Problem to work on:
The data below should be copied out exactly, with its pictures omitted.

Data for analysis:
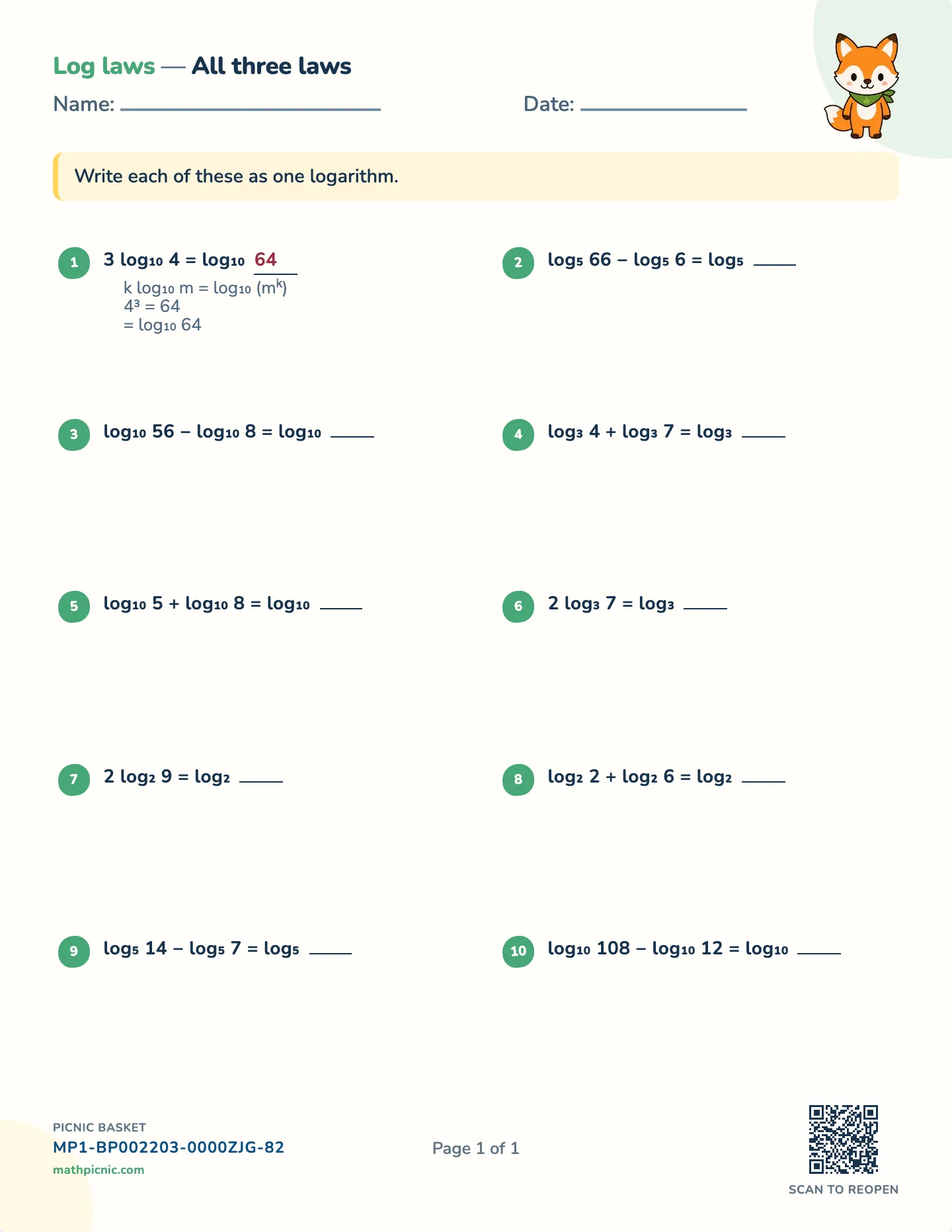Laws of logarithms worksheet — free printable with answer key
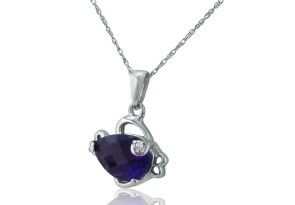 Amethyst & Diamond Fish Pendant Necklace In 10k White Gold, I/J, 18 Inch Chain By SuperJeweler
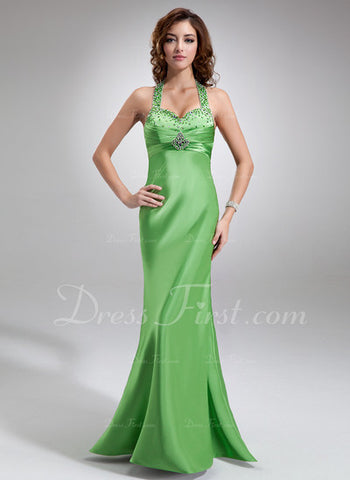 Empire Halter Floor-Length Charmeuse Prom Dress With Ruffle Beading Sequins (018004842)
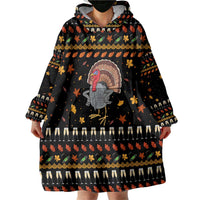 Thanksgiving Christmas Design Wearable Blanket Hoodie Xmas Holiday Patterns - Wonder Print Shop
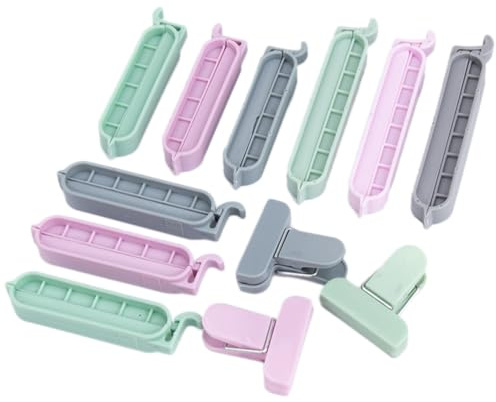 12pièces Clips De Scellage Alimentaires Pince De Fermeture Pour Sachets De Snacks Et Thés Pratique Pour Cuisine Couleur Aléatoire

Exercise response:
Laws of logarithms worksheet — free printable with answer key
 Amethyst & Diamond Fish Pendant Necklace In 10k White Gold, I/J, 18 Inch Chain By SuperJeweler
 Empire Halter Floor-Length Charmeuse Prom Dress With Ruffle Beading Sequins (018004842)
 Thanksgiving Christmas Design Wearable Blanket Hoodie Xmas Holiday Patterns - Wonder Print Shop
 12pièces Clips De Scellage Alimentaires Pince De Fermeture Pour Sachets De Snacks Et Thés Pratique Pour Cuisine Couleur Aléatoire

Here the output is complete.